Deinococcus radiodurans (Brooks & Murray, 1981)[1] è un batterio estremofilo, uno degli organismi più radioresistenti conosciuti al mondo. Si tratta di una specie particolare, in grado di resistere a dosi di radiazioni di gran lunga superiori a quelle necessarie per uccidere un qualsiasi animale[2]. Il batterio è capace di riassemblare la struttura funzionale dei suoi cromosomi dopo che questi ultimi sono stati distrutti dal trattamento radioattivo. È, inoltre, in grado di sopravvivere a condizioni estreme di freddo, disidratazione, vuoto e acidità: per questo motivo è considerato anche un batterio poliestremofilo[3] ed è stato inserito nel Guinness dei primati come la "forma di vita più resistente alle radiazioni del mondo".[4][5]

Nome e classificazione[modifica | modifica wikitesto]

Il nome scientifico Deinococcus radiodurans significa «terrificante cocco resistente alle radiazioni». Come conseguenza della sua capacità di resistenza è stato anche soprannominato "Conan il batterio".[6]

Inizialmente classificato come Micrococcus (M. radiodurans), dopo attente valutazione del suo ribosoma, RNA ed altre caratteristiche evidenti, fu riclassificato come un Deinococcus strettamente correlato al genere Thermus, un tipo di batterio resistente al calore.[7] Deinococcus è l'unico genere dell'ordine Deinococcales; D. radiodurans è la specie più studiata del genere, ma tutti i batteri conosciuti dello stesso genere sono radioresistenti: D. proteolyticus, D. radiopugnans, D. radiophilus, D. grandis, D. indicus, D. frigens, D. saxicola, D. marmola, D. geothermalis e D. murrayi; gli ultimi due sono anche termofili.[8]

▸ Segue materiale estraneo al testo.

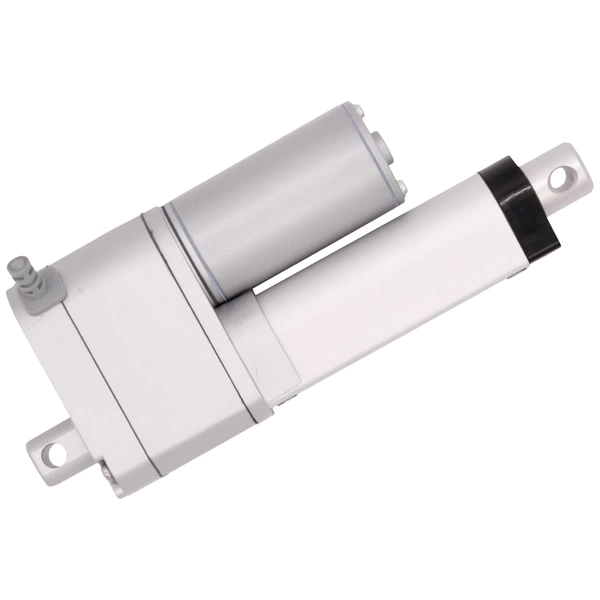 Vérin électrique Drive System Europe by MSW DSZY1-12-20-050-POT-IP65 000803 12 V/DC Longueur de course 50 mm 500 N 1 pc(s) Vérin électrique Drive System Europe by MSW DSZY1-12-20-050-POT-IP65 000803 12 V/DC Longueur de course 50 mm 500 N 1 pc(s)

Scoperta[modifica | modifica wikitesto]

D. radiodurans fu scoperto nel 1956 da Arthur W. Anderson presso l'Oregon Agricultural Experiment Station di Corvallis[9] nel corso di un esperimento per determinare se il cibo in scatola potesse essere sterilizzato utilizzando alte dosi di raggi gamma. Una confezione di carne in scatola fu esposta ad una cospicua dose di radiazioni, ritenute sufficienti ad uccidere tutte le forme di vita in essa presenti, ma ad una successiva analisi dell'alimento irraggiato fu isolato il batterio. La sequenza completa di D. radiodurans fu pubblicata nel 1999 dal The Institute for Genomic Research, seguita da un'analisi dettagliata nel 2001.[7]

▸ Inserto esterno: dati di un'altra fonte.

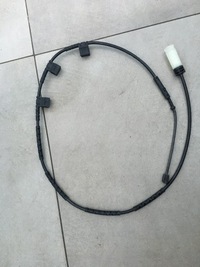 фото thumb №1, Mini r56 r57 r58 датчик гальмівних колодок гальмівних задня новий 6792573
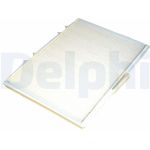 Filter, Innenraumluft TSP0325309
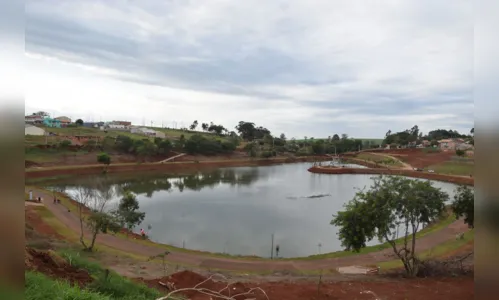 
							Entrega de Centro de Lazer e Esportes de J. Alegre acontece na terça
						
						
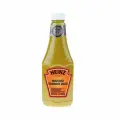 Соус Горчица Барбекю Mustard Barbecue (импорт), Heinz, Великобритания, 875 мл (990 г)
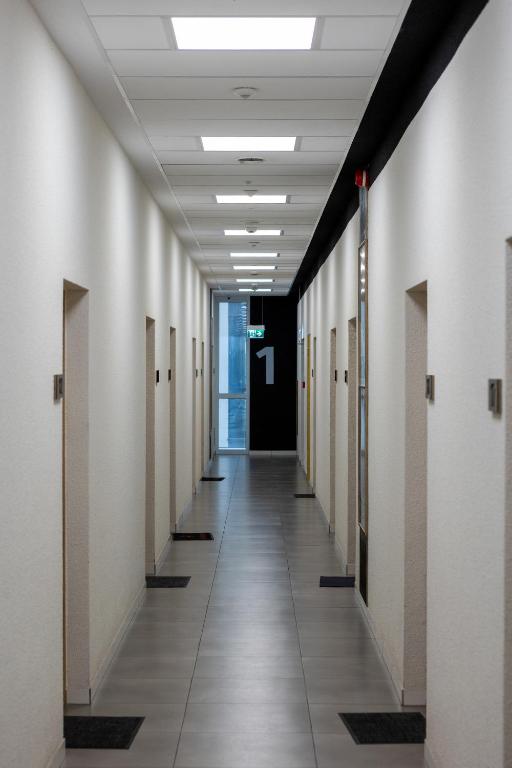Fotografia z galérie ubytovania Studia przy lotnisku od WroclawApartament-pl vo Vroclavi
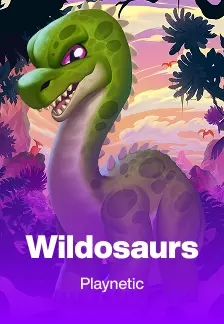 Wildosaurs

Descrizione[modifica | modifica wikitesto]

D. radiodurans è un batterio di forma sferica, piuttosto grande avendo un diametro compreso tra 1,5 e 3,5 µm. Di solito si presenta in una struttura a quattro cellule costituente una tetrade; le colonie sono lisce, convesse, con un colore variabile dal rosa al rosso; può essere riprodotto in coltura e non appare essere causa di malattie.[7] Si presenta Gram-positivo, anche se la capsula è insolita e ricorda le pareti cellulari dei batteri Gram-negativi.[10] D. radiodurans non forma endospore, non è mobile ed è considerato un organismo aerobico nonché chemiorganotrofo, poiché utilizza l'ossigeno per ricavare energia dai composti organici del suo ambiente. Lo si trova spesso in habitat ricchi di materiale organico, come terra, feci, carne o nelle fognature, ma è stato isolato anche nei cibi disidratati, nelle polveri casalinghe, negli strumenti medici e nei tessuti dei vestiti.[10] È estremamente resistente alle radiazioni ionizzanti, ai raggi ultravioletti, alla luce ultravioletta, alla disidratazione, all'ossidazione ed all'esposizione ad agenti elettrofili.

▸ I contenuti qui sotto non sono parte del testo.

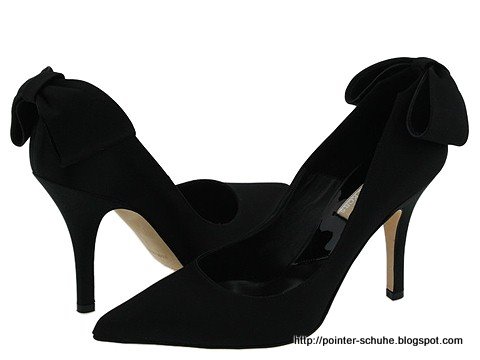 Pointer schuhe:schuhe-291687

Il genoma[modifica | modifica wikitesto]

Il suo genoma è composto da due cromosomi di forma circolare, il primo composto da 2,65 milioni di coppie di basi, il secondo da 412 000 coppie di basi; un megaplasmide composto da 177 000 coppie di basi, ed un plasmide composto da 46 000 coppie di basi. È formato da circa 3 195 geni.[7][11] Nella sua fase stazionaria, ciascuna cellula batterica contiene quattro copie del suo genoma. Nelle fasi di rapida moltiplicazione, ogni batterio contiene da 8 a 10 copie del genoma.[12][13][14]

Resistenza alla radioattività[modifica | modifica wikitesto]

Una dose di 10 Gy di radiazione ionizzante è sufficiente a uccidere un essere umano; una dose di 60 Gy è sufficiente a uccidere tutte le cellule di una coltura di E. coli; D. radiodurans è in grado di resistere ad una dose unitaria di 5 000 Gy senza perdere vitalità, mantenendone un 37% anche se sottoposto ad una dose di radiazioni pari a 15 000 Gy. Si stima che una dose di 5 000 Gy sia in grado di introdurre diverse centinaia di interruzioni nel DNA in un organismo. Oltre ai deinococchi si conoscono altre specie di batteri resistenti alla radiazioni: Chroococcidiopsis (phylum Cyanobacteria) ed alcune specie di rubrobatteri (phylum Actinobacteria). Tra gli archea, la specie Thermococcus gammatolerans mostra una resistenza comparabile con D. radiodurans.[8]

Meccanismo della resistenza alla radioattività[modifica | modifica wikitesto]

La resistenza di questo batterio alle radiazioni è dovuta sia al possesso di copie multiple del genoma, che al rapido meccanismo di riparazione del DNA.[7] La riparazione dei cromosomi avviene nell'arco di 12-24 ore, attraverso due fasi di ricombinazione omologa: nella prima fase, D. radiodurans ricollega alcuni frammenti dei cromosomi attraverso un processo chiamato single-strand annealing (SSA); in quella successiva, una proteina ripara le interruzioni del doppio filamento. Questo processo di riparazione non introduce un maggior numero di mutazioni rispetto alla replicazione ordinaria.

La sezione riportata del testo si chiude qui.